Some seals came into view while taking a short nap.

a seal floats above the seabed with its rear end facing the camera
Zzzzzzz. | Ocean Networks Canada

A recent article in Science revealed the extreme sleep habits of northern elephant seals, which fall into a deep REM sleep as they gradually sink to the depths. The seals sleep and sink for about 10 minutes, then swim back to the surface. It sounds scary, but the deep sea is a much safer place for the seals, out of reach of surface-dwelling orcas and great white sharks.

Still, the fact that so many seals were able to find the observatory and return to it is a true navigational miracle. “We are still baffled as to how these seals managed to find such a small place in the vast open ocean, in total darkness and on multiple occasions,” said Frouin-Mouy. The researchers suspect that the seals rely on a combination of tools – listening for acoustic signals from the sonar signal, paying attention to visual cues from the LED, and sensing magnetic fields.

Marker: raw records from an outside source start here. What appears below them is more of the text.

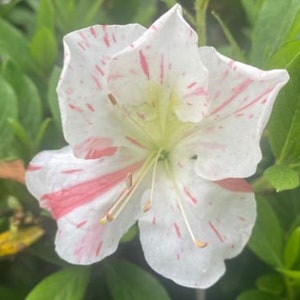 IveryanaAzalea Rhododendron Starter PlantBeautiful Multi Color Blooms All At Once image 6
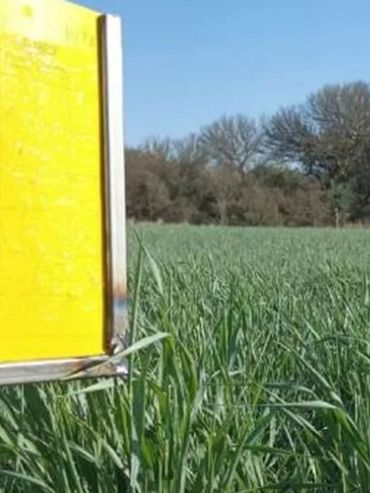 Aumenta la presencia de la chicharrita del maíz y refuerzan el alerta de monitoreo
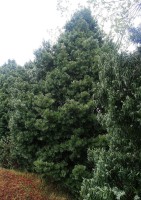 Podocarpus Henkelii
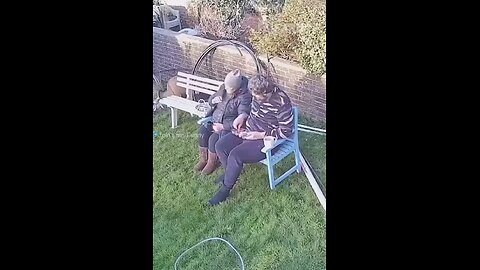 funny videos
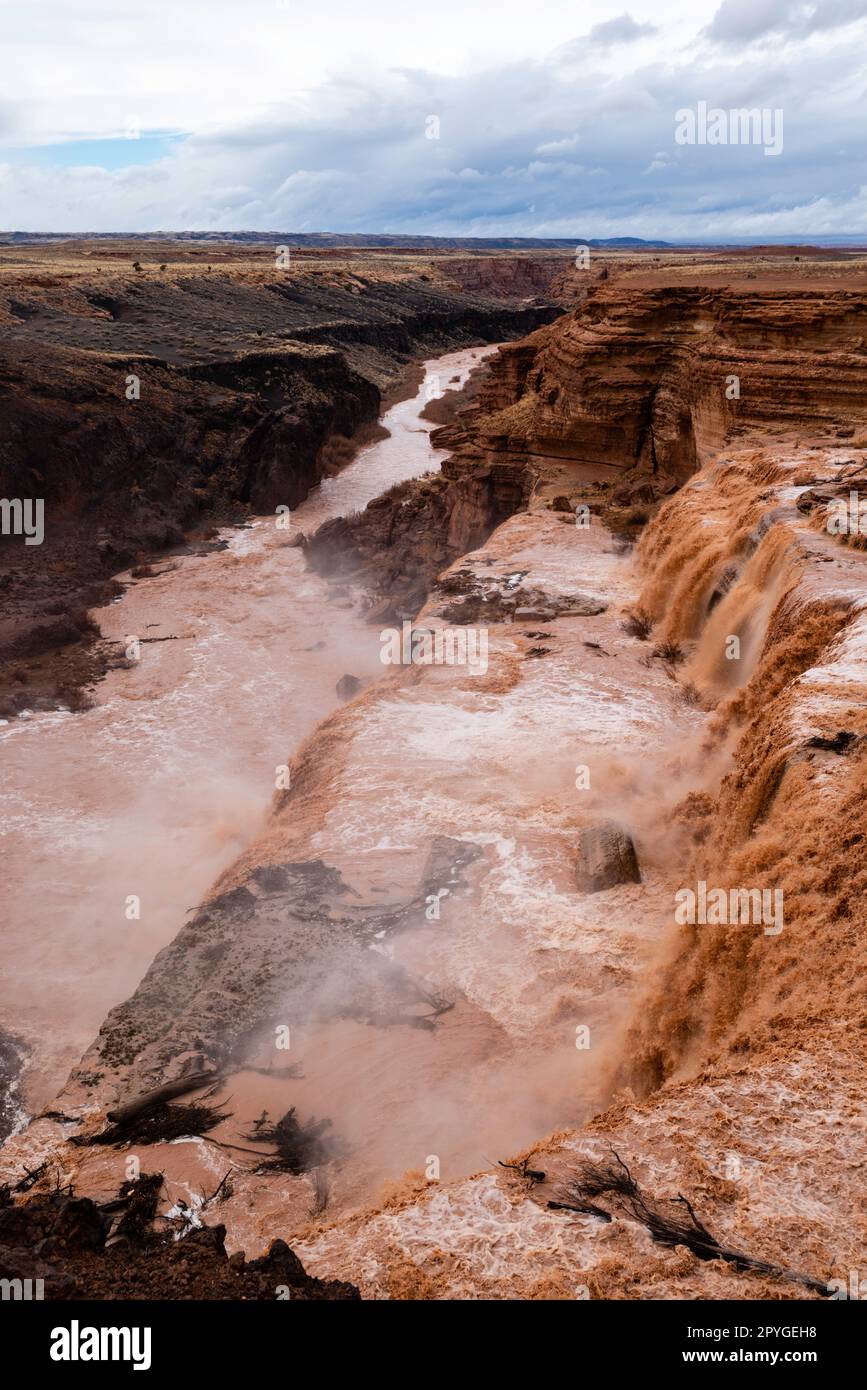 Grand Falls of the Little Colorado River during spring high flow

But the videos make it clear that there was good food in the waters surrounding the observatory. Coalfish, which can grow to over a meter long and live up to 90 years, are full of omega-3 fatty acids. They are delicious food for both seals and humans, many of whom also refer to the fish as black cod. Although we dream of it, no human will ever experience the taste of a coalfish as fresh as the one Brian, Dennis, Carl, Al, Mike, David, Blondie and Bruce devoured. But wouldn’t it be nice!